Hypertension, or high blood pressure, affects a third of American adults and is one of the primary risk factors for cardiovascular disease.

There are many factors that can lead to high blood pressure, and while sugar consumption can be a controversial topic, it’s important to be aware of the effects it can have on your overall health. Many studies have linked excess added sugar consumption to high blood pressure, obesity, type 2 diabetes, and fatty liver disease.

Environmental and lifestyle factors such as diet and exercise levels can all play a key role in ensuring good metabolic health. Understanding the effects of nutrition in preventing the onset of these conditions.

So, how exactly does sugar impact blood pressure and how much is safe to consume? Read on to find out.

The Impact Sugar Has on Blood Pressure

Studies have shown that blood pressure is closely linked to diet and lifestyle factors. While many factors can play a role, high sugar consumption and excessive sodium intake have both been found to negatively impact blood pressure in healthy adults.

Sugar is a type of carbohydrate that is found naturally in fruit. However, it can also be added into things like fruit juice, soda, sweets, and other snack foods. While both types of sugar can be included in a balanced diet, added sugar is not essential for survival and is often referred to as an “empty carb.”

The American Heart Association recommends no more than six teaspoons of sugar per day for women and nine for men. However, when it comes to blood pressure, it seems that the source of sugar you consume can dictate the effects on your health.

Combined data from over 12 studies illustrates that beverages high in added sugar are associated with an increase in blood pressure. However, sugar from whole food sources such as fruit may not have the same impact.

In fact, one study suggested this when the authors found that fruit consumption was associated with lowered (and improved) blood pressure in females. Scientists recommend increasing fruit consumption to support cardiovascular health.

However, since many of these studies were primarily observational, more research is needed to determine causal relationships between fruit consumption and cardiovascular disease.

Other Factors that Raise Blood Pressure

putting salt on a plate of vegetables

Along with sugar consumption, there are other nutritional and lifestyle factors that contribute to high blood pressure. Let’s dig into some of the most common ones and discuss different ways you can decrease your risk of developing this condition.

Eating Too Much Salt

Excessive sodium intake has been linked to high blood pressure in numerous studies. When you consume salt, your body holds onto more fluid, which can naturally increase your blood pressure by increasing the serum volume. As one common expression suggests, “where sodium goes, water follows.
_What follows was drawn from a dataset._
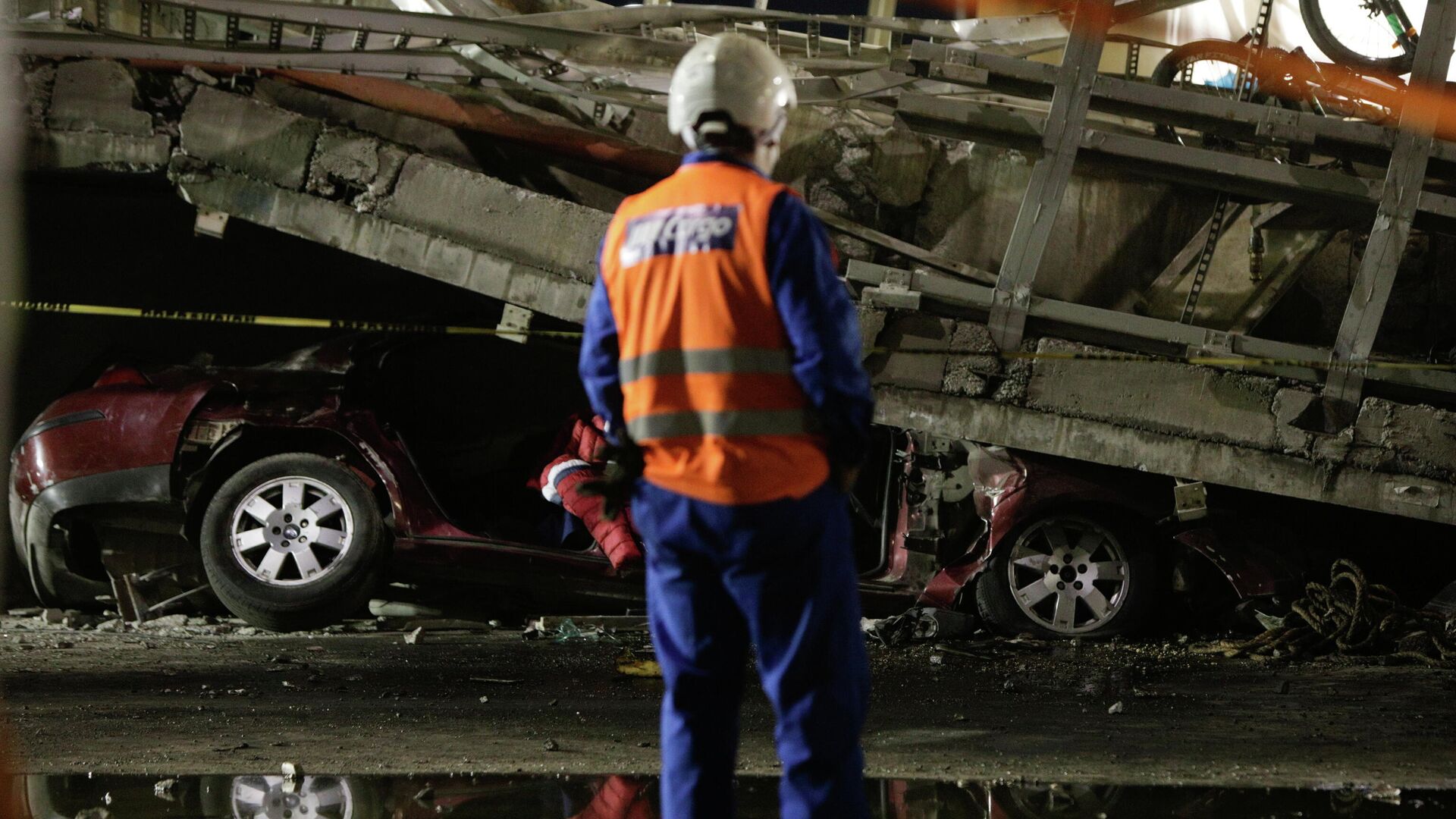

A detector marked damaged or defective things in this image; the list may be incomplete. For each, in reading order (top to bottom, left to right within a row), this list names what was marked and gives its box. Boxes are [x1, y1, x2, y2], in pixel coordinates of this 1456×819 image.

damaged vehicle wheel [202, 455, 391, 634]
crushed red car [8, 331, 1310, 634]
damaged vehicle wheel [977, 513, 1159, 640]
”Though the CDC guidelines recommend less than 2,300 milligrams per day for sodium intake, this recommendation is still debated by scientists, and some have suggested that it is reasonable to instead aim for a target of less than 5,000 milligrams per day.

If you’re unsure how to monitor your sodium intake, diet tracking apps are a great place to start. You can also ask your nutritionist or dietitian to help you determine what a healthy sodium intake looks like for you.

You Aren’t Getting Enough Exercise

Low exercise levels may lead to poor glycemic control, diabetes, obesity, and other health consequences, all of which can contribute to high blood pressure if left unaddressed over time.

Finding the right amount and types of exercise that work best for your body can help with weight management and strengthen your heart, both of which are important for cardiovascular health and optimal blood pressure.

Luckily, there are lots of ways to increase your physical activity (from hiking to lifting weights, or even gardening!), and you can find the option that best fits into your lifestyle. Even walking is also a great way to get your heart rate up and get moving throughout the day.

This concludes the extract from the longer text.